Image-text web data:
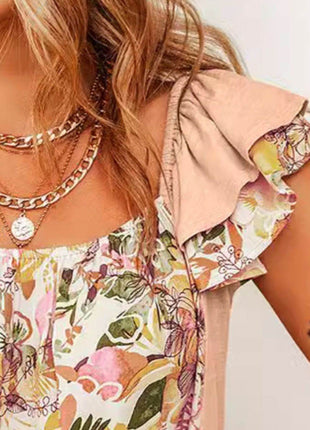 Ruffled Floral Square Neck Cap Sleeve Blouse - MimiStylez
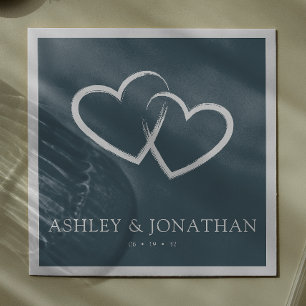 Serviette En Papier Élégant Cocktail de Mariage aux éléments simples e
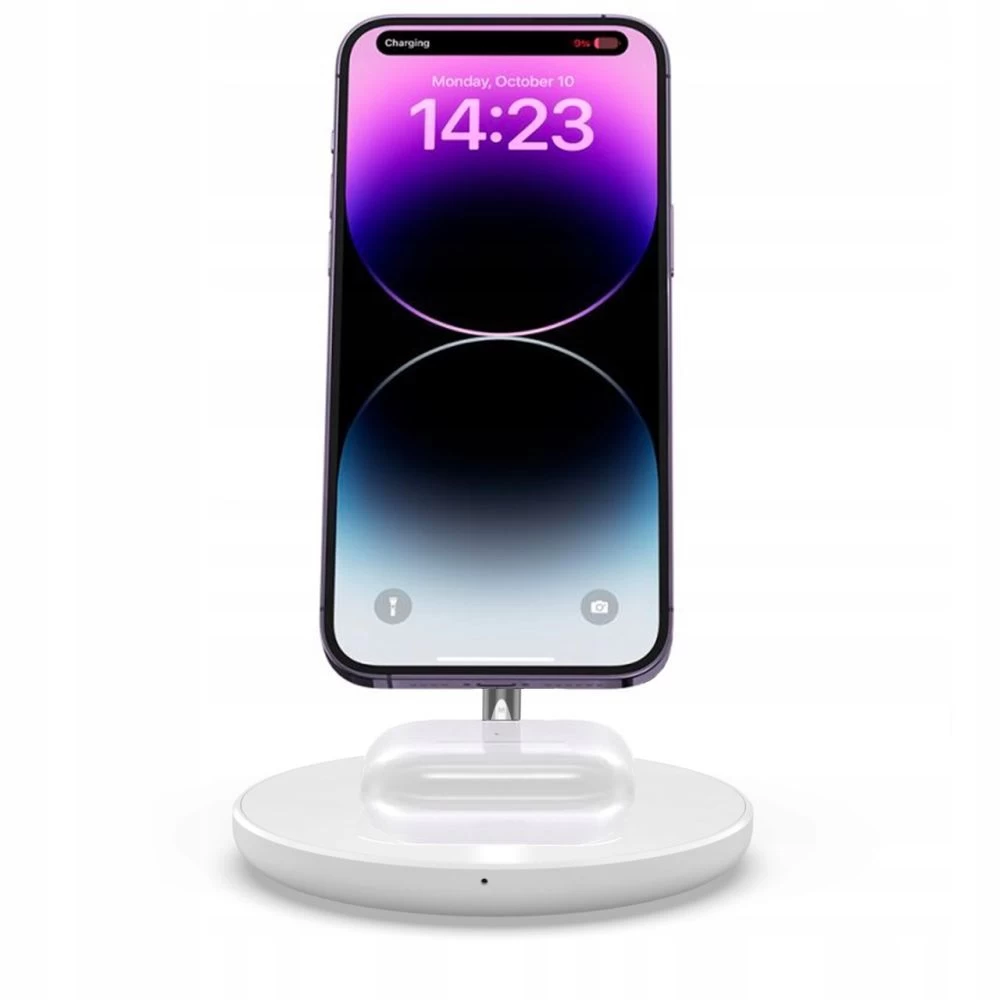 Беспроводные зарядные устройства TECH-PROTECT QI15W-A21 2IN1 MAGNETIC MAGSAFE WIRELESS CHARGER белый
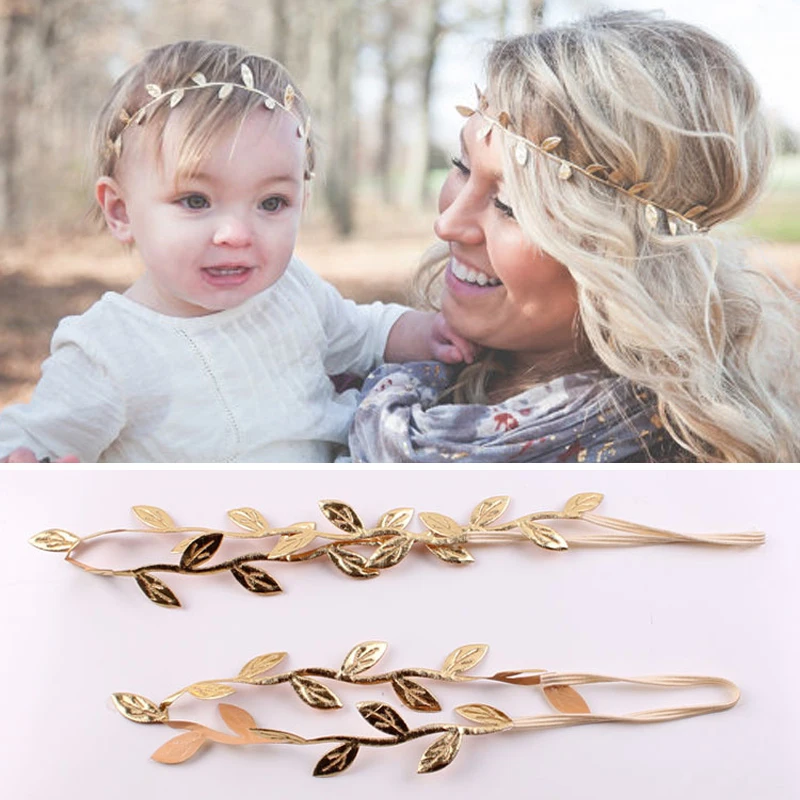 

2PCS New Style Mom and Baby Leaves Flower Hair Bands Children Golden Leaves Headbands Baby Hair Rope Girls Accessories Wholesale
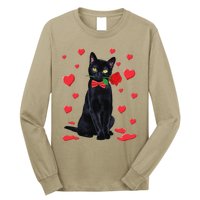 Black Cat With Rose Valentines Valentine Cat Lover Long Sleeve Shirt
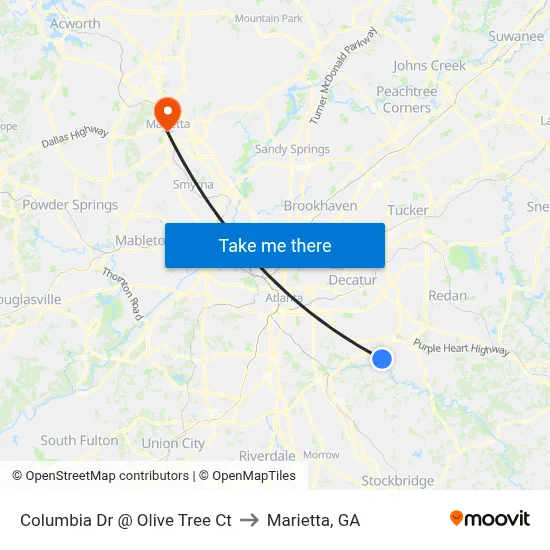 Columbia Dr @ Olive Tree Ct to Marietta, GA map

Requirement:
Reproduce all of the entries exactly as they appear, though any picture they include must be omitted.

Result of this exercise:
 Ruffled Floral Square Neck Cap Sleeve Blouse - MimiStylez
 Serviette En Papier Élégant Cocktail de Mariage aux éléments simples e
 Беспроводные зарядные устройства TECH-PROTECT QI15W-A21 2IN1 MAGNETIC MAGSAFE WIRELESS CHARGER белый

2PCS New Style Mom and Baby Leaves Flower Hair Bands Children Golden Leaves Headbands Baby Hair Rope Girls Accessories Wholesale
 Black Cat With Rose Valentines Valentine Cat Lover Long Sleeve Shirt
 Columbia Dr @ Olive Tree Ct to Marietta, GA map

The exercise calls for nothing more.